** TASK OBJECTIVE **
With the images removed, return every line below exactly as it reads.

** INFORMATION PROVIDED **
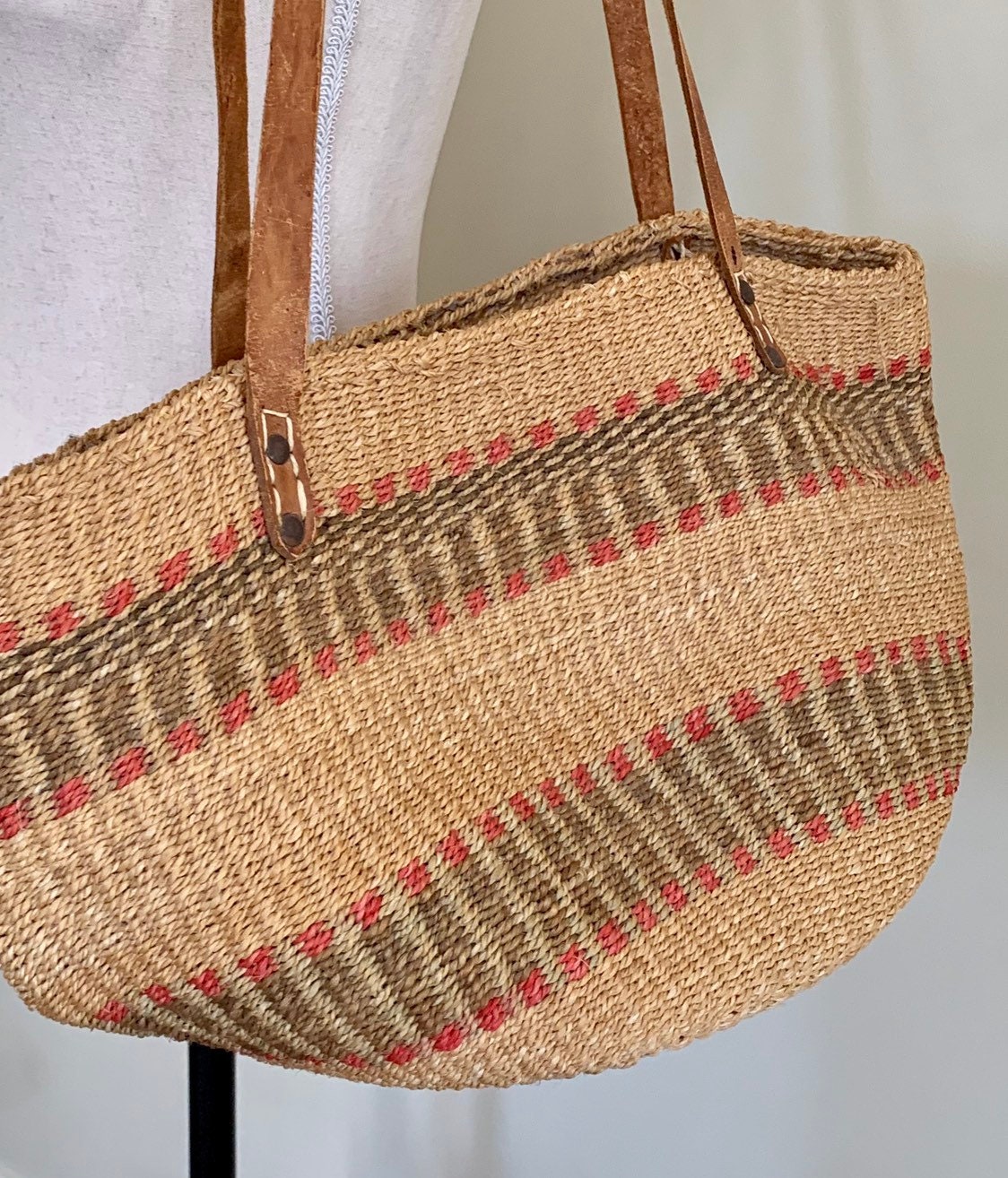 80s Sisal Tote Bag Vintage Straw Purse Leather Straps Beige Brown Beach ...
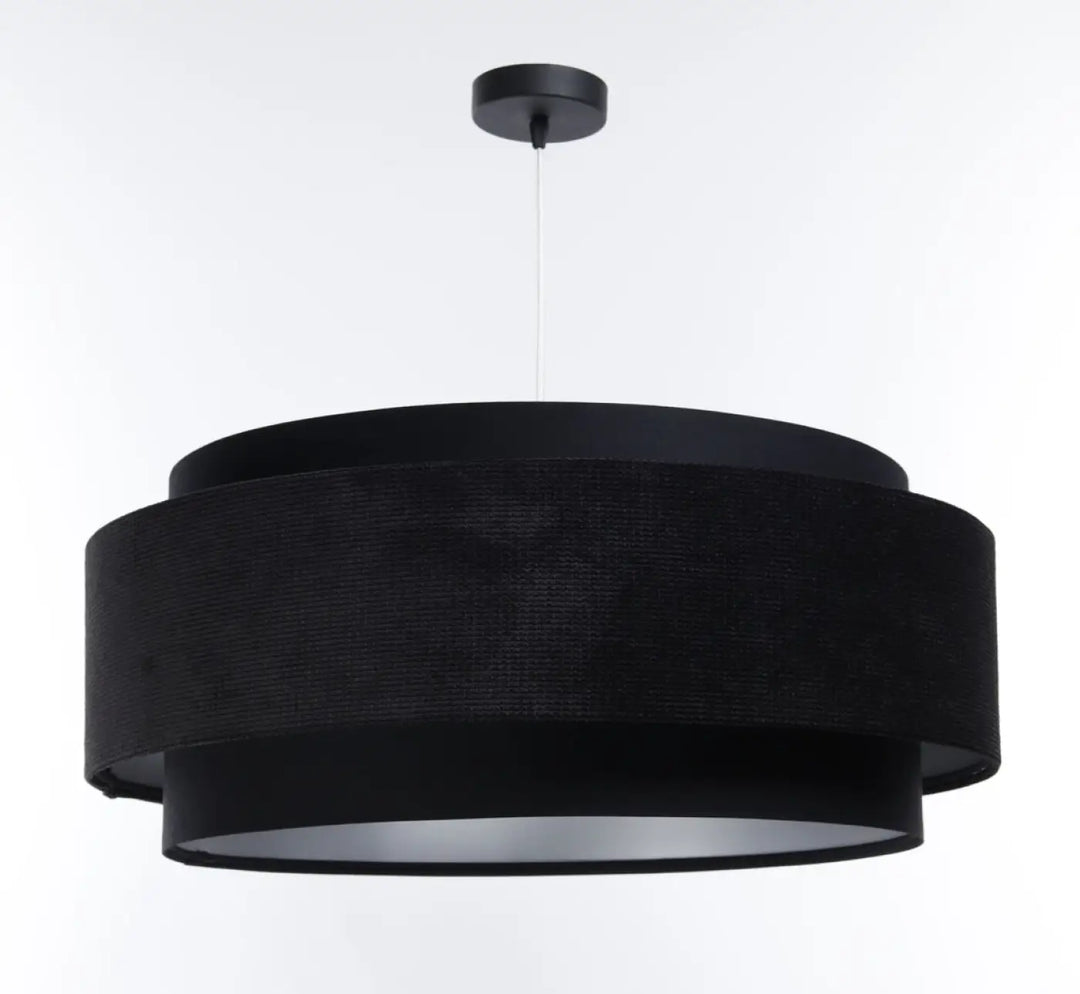 Suspension luminaire doblo classic avec abat-jour tissu noir à étages et argent aux finitions métalliques élégantes
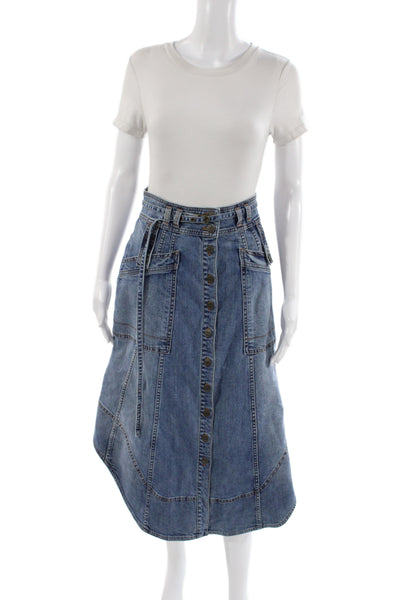Ulla Johnson Womens Blue A-Line Midi Skirt Button Closure Size 4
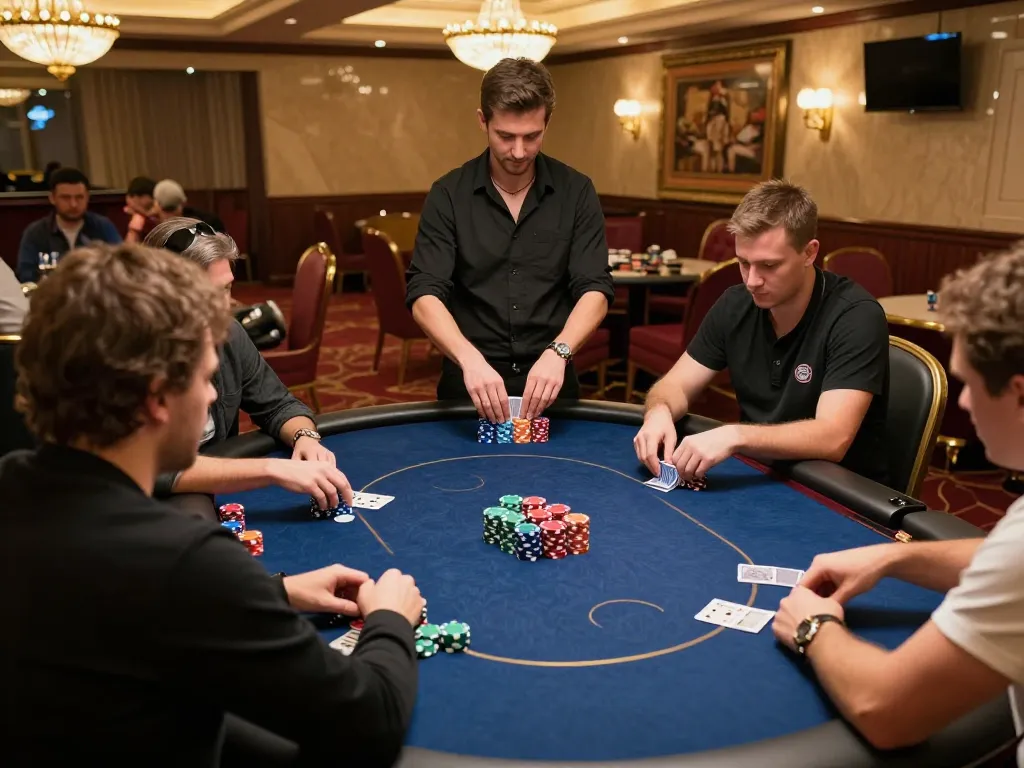 Players strategizing in a competitive poker game at hm88 com casino.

** OUTPUT OF THE EXERCISE **
 80s Sisal Tote Bag Vintage Straw Purse Leather Straps Beige Brown Beach ...
 Suspension luminaire doblo classic avec abat-jour tissu noir à étages et argent aux finitions métalliques élégantes
Ulla Johnson Womens Blue A-Line Midi Skirt Button Closure Size 4
 Players strategizing in a competitive poker game at hm88 com casino.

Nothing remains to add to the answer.